▶ **Action item**
The lines to return are those from the line holding "FURLA（フルラ）FURLA (フルラ) クロコ型押しトートバッグ" through the last line of the entries below, both included, written exactly and without pictures.

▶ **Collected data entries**
————

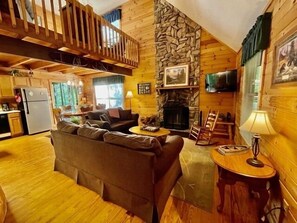 View from front door of livingroom and kitchen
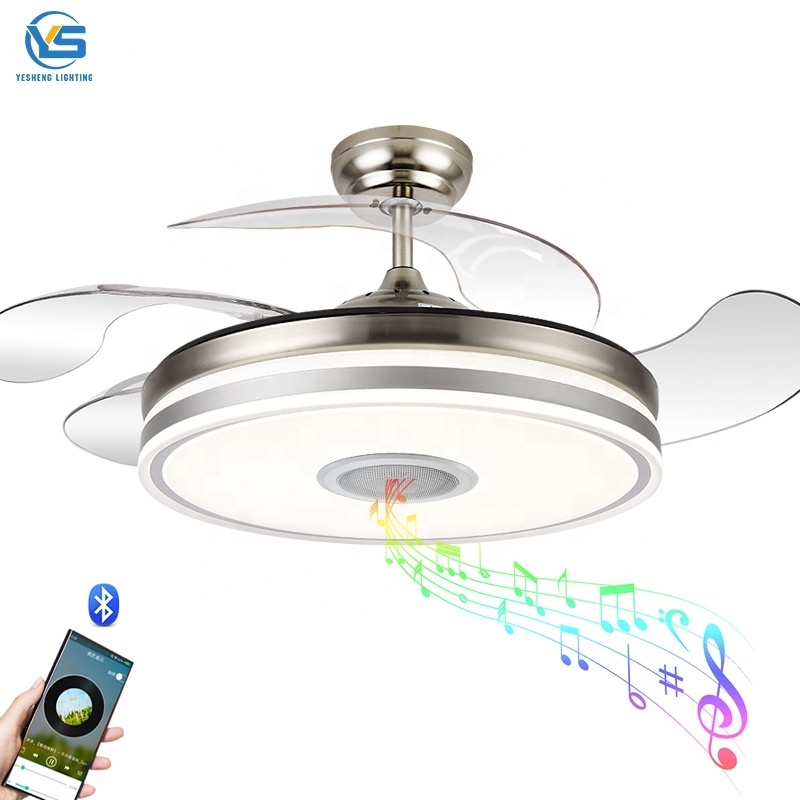 2019S Ceiling fan with LED light 36W 110v DC motor with Speaker 3 color with memory retractable blades 6 speeds remote control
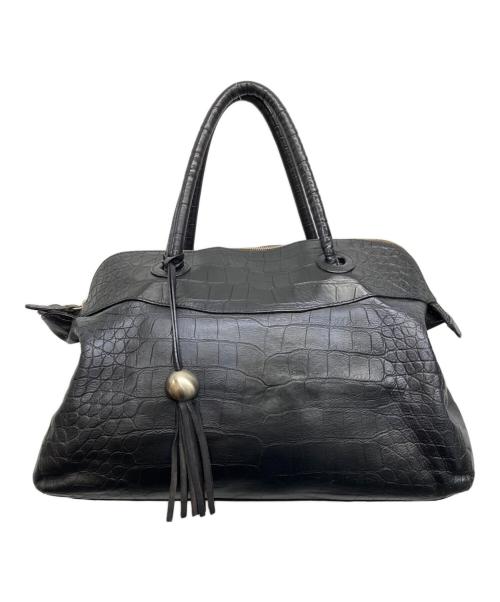 FURLA（フルラ）FURLA (フルラ) クロコ型押しトートバッグ ブラックの古着・服飾アイテム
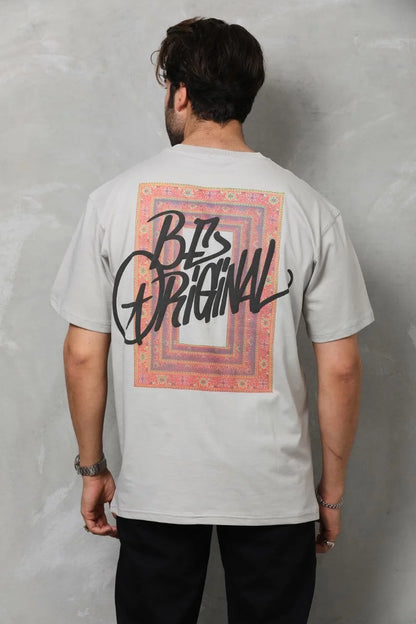 Unisex Bisiklet Yaka Baskılı Oversize T-Shirt - Siyah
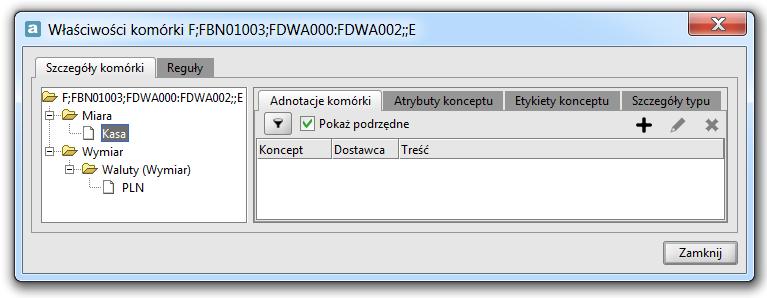 Rysunek 207): wymiary, d których należy wybrana kmórka, w prawym panelu kna dstępne są zakładki: widczne zawsze:, widczne dla pszczególnych miar i wymiarów:,,. Rysunek 207.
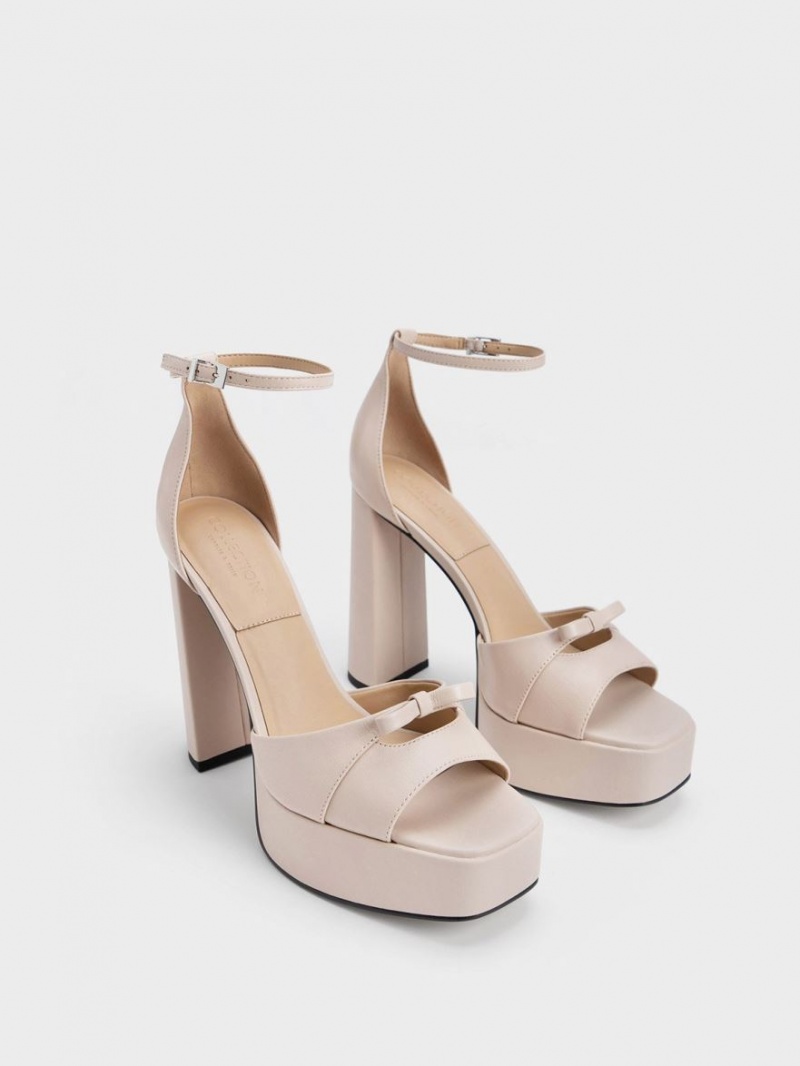 Charles And Keith Verona Leather Platform Sandals Beige | PHILIPPINES T950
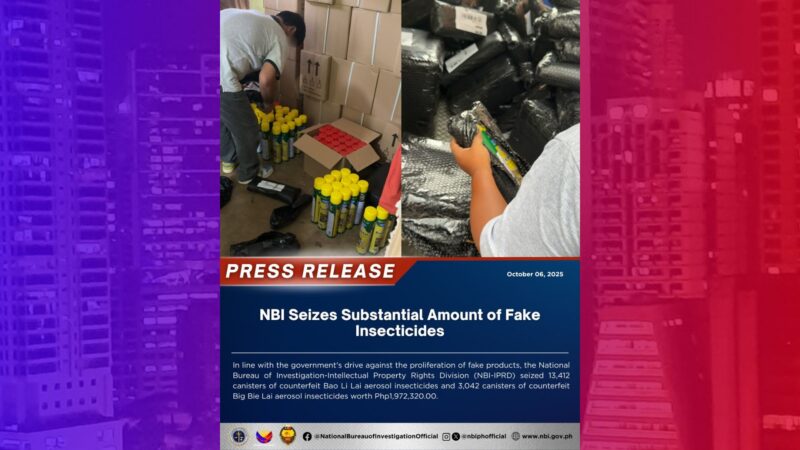 P1.9M na halaga ng pekeng insecticides nakumpiska ng NBI sa Valenzuela City at Maynila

————

▶ **Solution**
 FURLA（フルラ）FURLA (フルラ) クロコ型押しトートバッグ ブラックの古着・服飾アイテム
 Unisex Bisiklet Yaka Baskılı Oversize T-Shirt - Siyah
 Rysunek 207): wymiary, d których należy wybrana kmórka, w prawym panelu kna dstępne są zakładki: widczne zawsze:, widczne dla pszczególnych miar i wymiarów:,,. Rysunek 207.
 Charles And Keith Verona Leather Platform Sandals Beige | PHILIPPINES T950
 P1.9M na halaga ng pekeng insecticides nakumpiska ng NBI sa Valenzuela City at Maynila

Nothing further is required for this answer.